Post production isn't quick and dirty. It could be argued that a lack of post work is also quick and dirty.

Cool Cat's picture

Isn't this fun Lee?

Best Regards,
Quick & Dirty

anthony marsh's picture

Of course they have including ANSEL ADAMS,however they used artistic methods that could take years in the darkroom to master. Today it is not so much about artistry but gimmickry,press a few buttons and voila! an "image",not a photograph.

Ryan Luna's picture

spoken like an artist. Nothing wrong with that, but many photogs are in the business of producing images where there may not be time to mitigate shadow placement, (events and weddings come to mind).

anthony marsh's picture

Great photographers whether photographing weddings or other events have produced extraordinary photos following years of learning and they made good livings. I may be too critical however to my mind holding a shutter button down for dozens if not hundreds or thousands of clicks does not comport with talent or artistry as anyone with a digital camera and using editing can achieve similar results.

Enrique Olivieri's picture

The more you add AI into photography, the less it becomes photography. I guess it's becoming an entire new form AI were you create an AI model and clothes. Check out @genv.agency on Instagram and you'll see where photography is probably headed, the models are not real on this Instagram page, they're all AI created.

Jerry Suppan's picture

"The more you add AI into photography, the less it becomes photography."

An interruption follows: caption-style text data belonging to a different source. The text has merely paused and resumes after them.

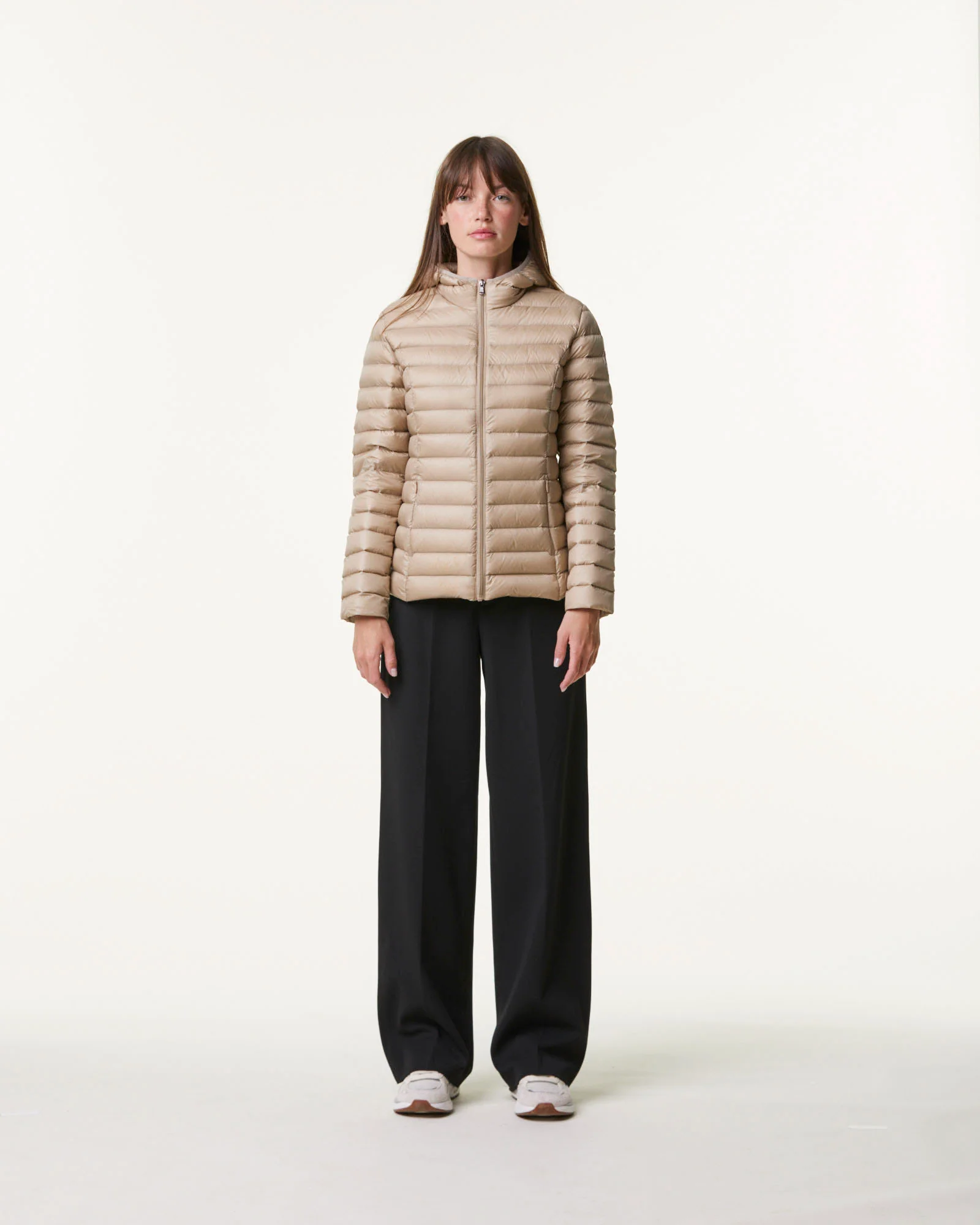 Lightweight hooded Army Cloe down jacket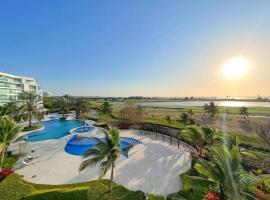 Karibana Golf Club Apartment By Parceros Group，位于Punta Canoas的酒店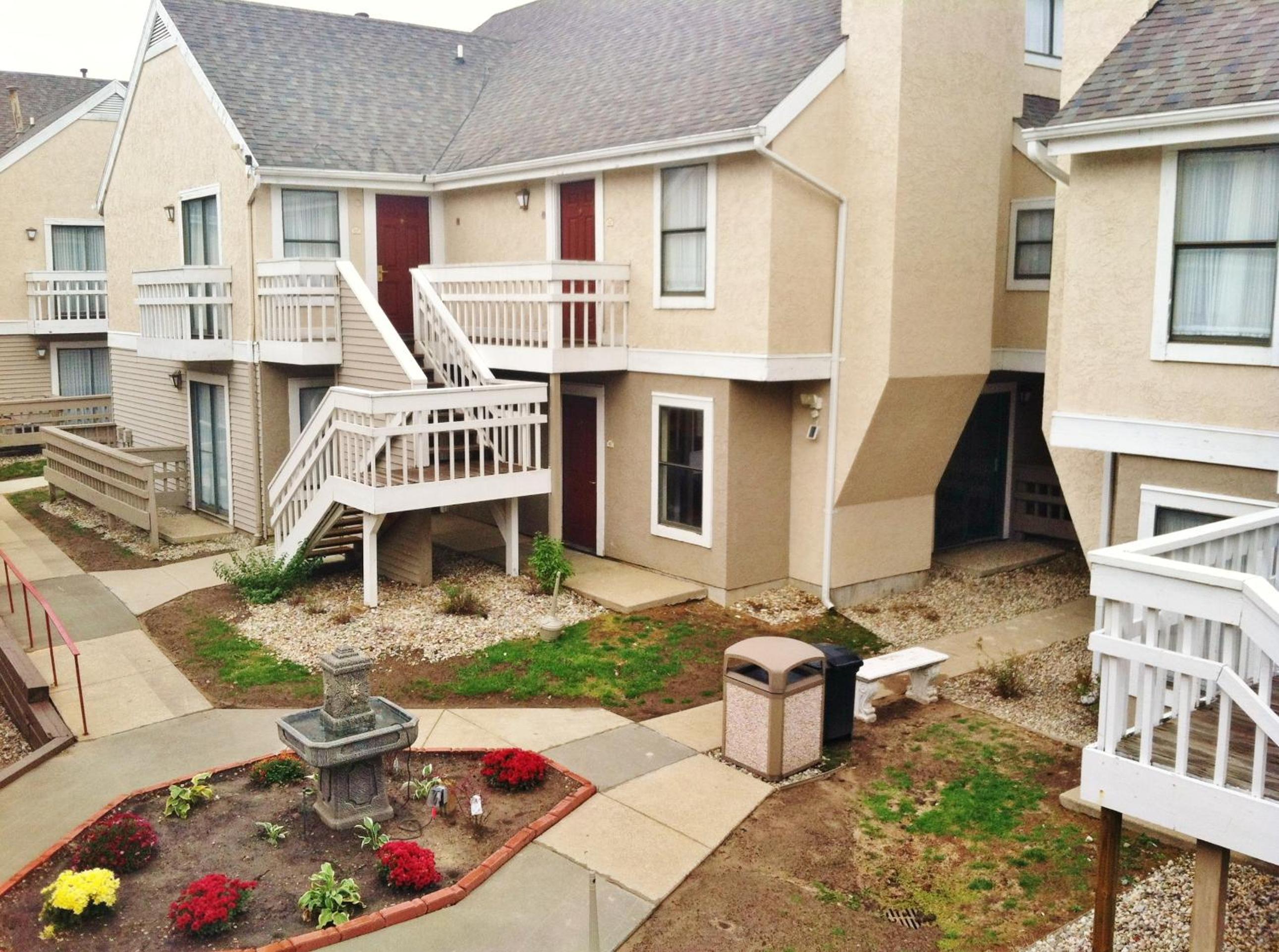 Hotel Affordable Suites of America Grand Rapids - Image 1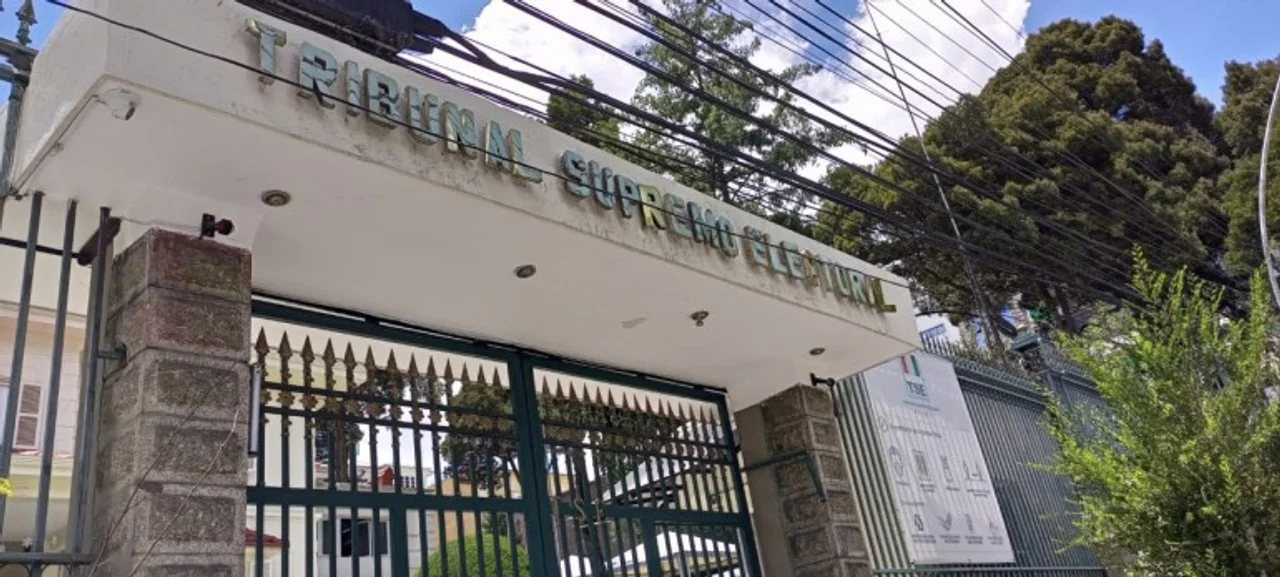 La Secretaría de Cámara del TSE vuelve a observar congreso del Pacto de Unidad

Welcome to the digital era in which anything is possible, even more so than before. Morphing in videos for another example. Whatever. ;-) I reckon is someone does not like the technology, they can choose to not use it.

anthony marsh's picture

Anything except true artistry and technical knowledge of photography is possible.

Black Z Eddie .'s picture

It would be great for family/friends get-togethers, events, and such.

jim hughes's picture

A great job of removing all the interest from a photo.

anthony marsh's picture

While not still photography ANDY DAY should watch the original THE GODFATHER to understand the value of shadows. Removal of all shadows makes for a boring sterile image.